Updated on August 24, 2011

There have been a lot of video games in the past ten years. Almost too many. But a constraint of ten years removes a lot of options for what would normally be shoe-ins for the spot. Good bye, NES! Good bye, Super NES! Heck, even parts of the Playstation's early history are locked off.

A list that focuses more on the new classics will hopefully give a slightly less "done-before" list than others you might have seen. But I don't know what you've seen, so that could be a lie. Time will tell!
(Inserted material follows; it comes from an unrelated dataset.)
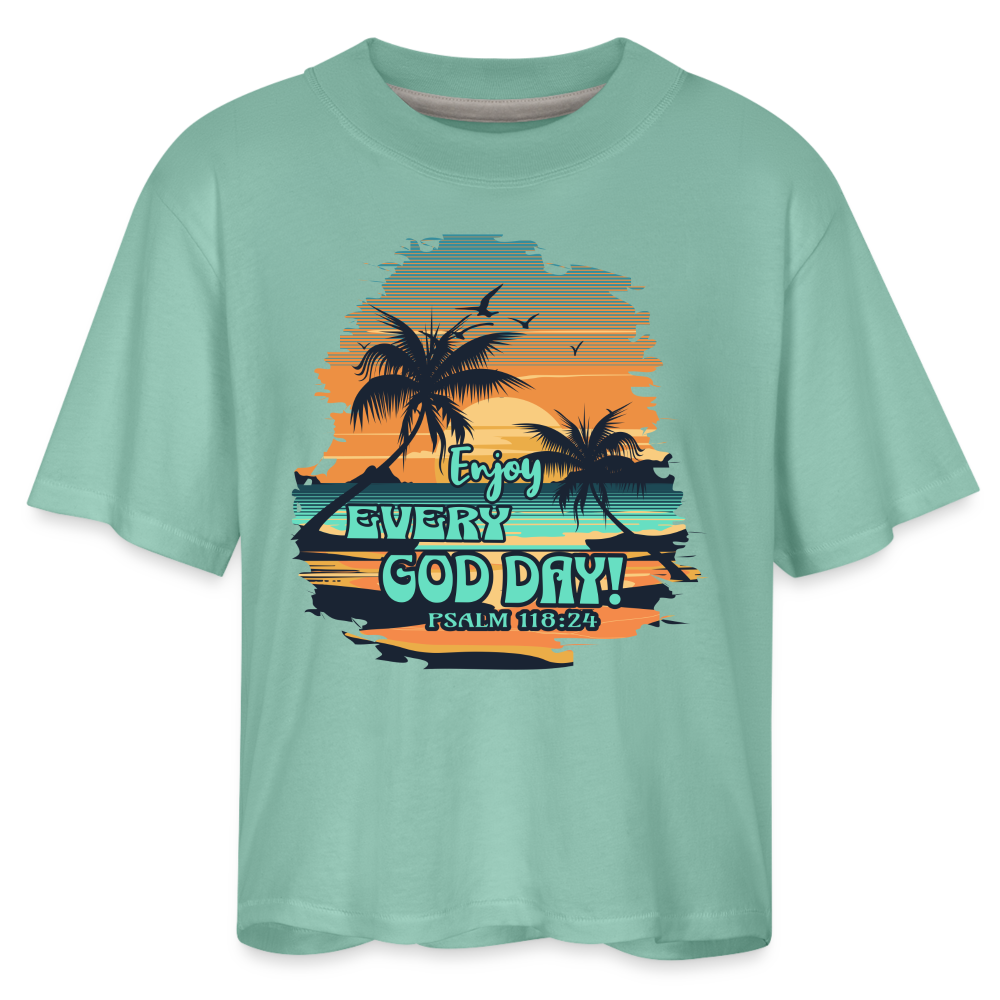 CDG Women's Boxy Tee - saltwater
Ryu Hayubasa versus Demons in 360's Ninja Gaiden
Ryu Hayubasa versus Demons in 360's Ninja Gaiden

#10 - Ninja Gaiden, XBOX (2004)

Don't think of it a remake: think of it as the as the star quarterback on the highschool football team who has a little brother you've met before. Ninja Gaiden for the Xbox combines cutting edge graphics and Nintendo-era difficulty to create the best action game a console has seen. Combat is virtually indistinguishable from one of the better games in the fighting genre, but it never looses the smooth control that really defines a platformer. You can jump off an enemy's head just as easily as you can cut it off.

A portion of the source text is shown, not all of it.